Now more than ever is the time for a wildly expansive, un-practical vision of a natural world fully restored, within an epochal, perhaps millennial time frame. Infinitely better to spend our creative energy initiating the first 500 years of an unabashedly passionate vision of full, unimpeded and uncompromised global ecological and cultural restoration and to offer ourselves to an inclusive global dialogue that will create a global vision of restoration to inform and sustain us through multiple generations of effort.

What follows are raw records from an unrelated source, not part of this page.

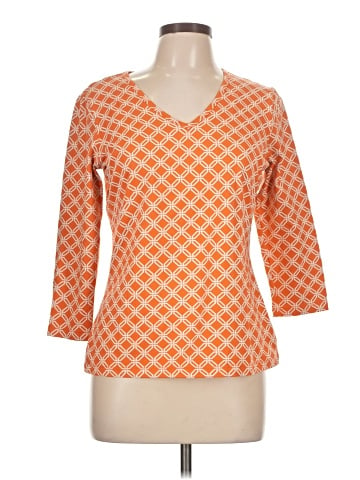 J. McLaughlin 3/4 Sleeve T-Shirt (view 1)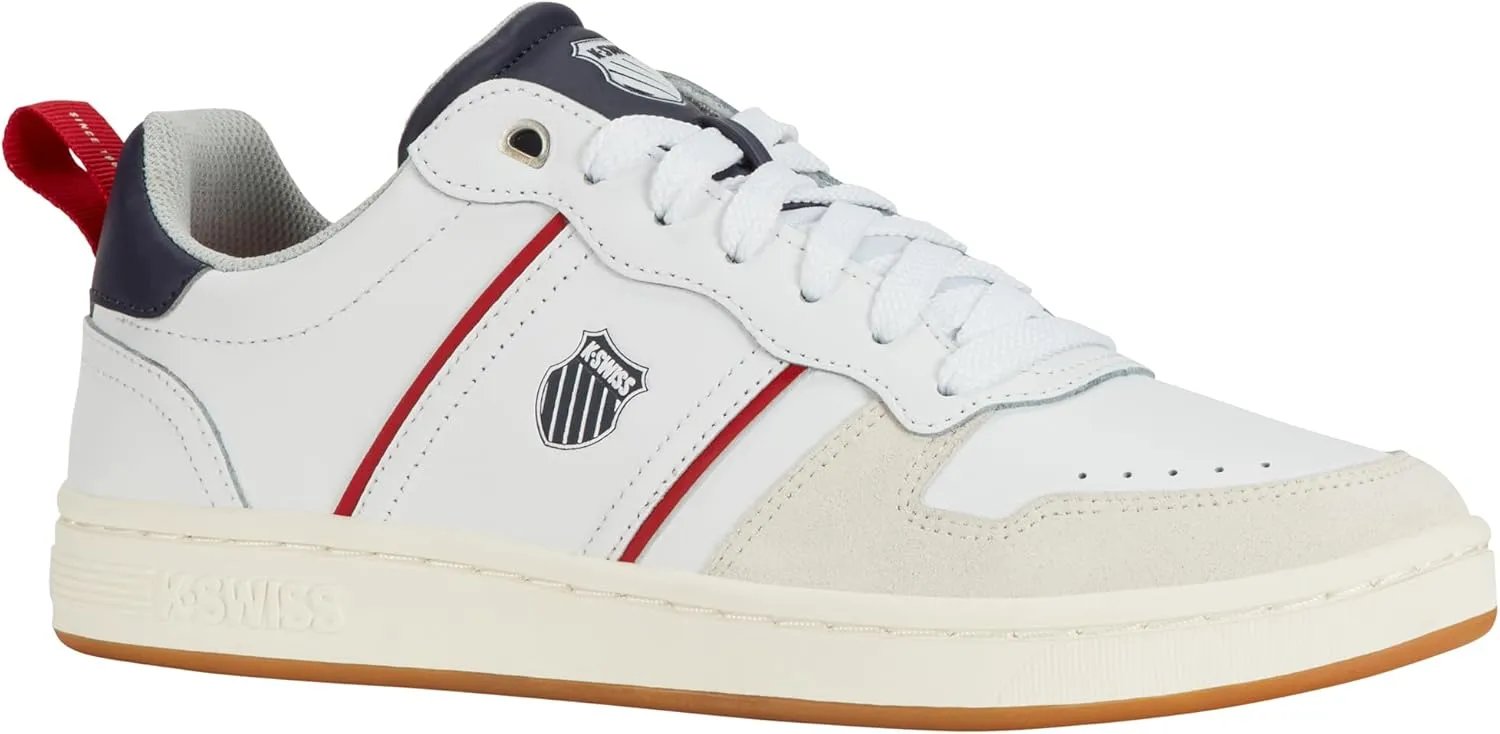 K-Swiss Men's Lozan Match Leather Sneaker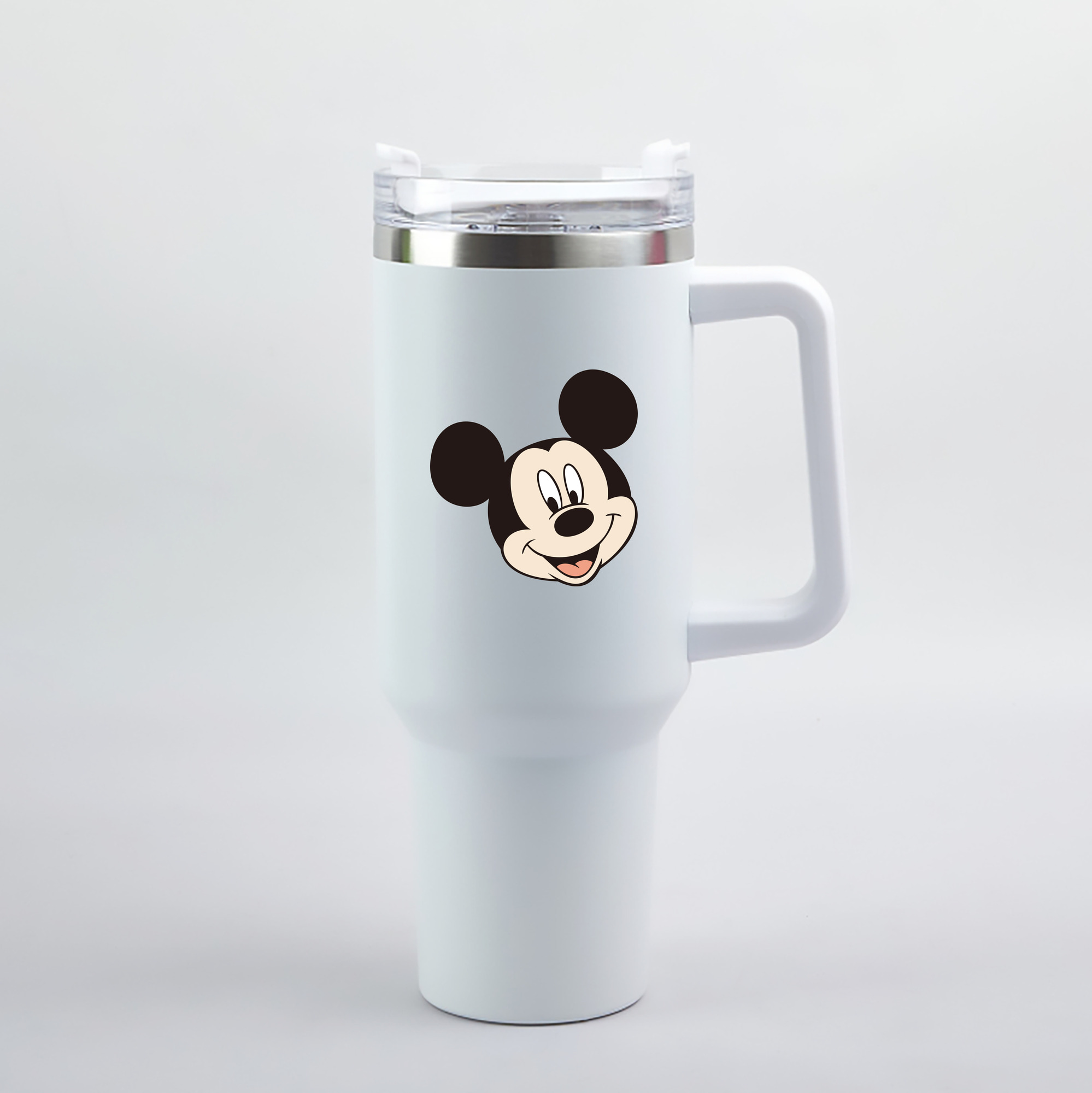 （画像用） ミッキーマウス Mickey Mouse 1200mL車用タンブラー（カラープリント）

If we ‘surrender’ our vision of comprehensive global ecological restoration and settle instead for the struggle to protect tiny percentages of marine and terrestrial habitat, we allow corporations (and the culture which gives them primacy) to set the terms by which nature and nature lovers must abide. Remember that 100 years ago, commercial air travel, computers, and the Internet seemed impossible. Extinctions on the scale we’re seeing now seemed impossible, too. We’re talking here about the ‘surround’ upon which life depends. Do we really want to tell our children that the best we can manage is to save 10% or less of what remains of the intact natural world?
Within each of us is a passionate love for some place or some being in Nature that will open our throats once again to the daily cooing of gratitude for Life. Once found, that gratitude is our most reliable guide to right action. All is not lost. Let us sing the natural world within and around us back to its fullness.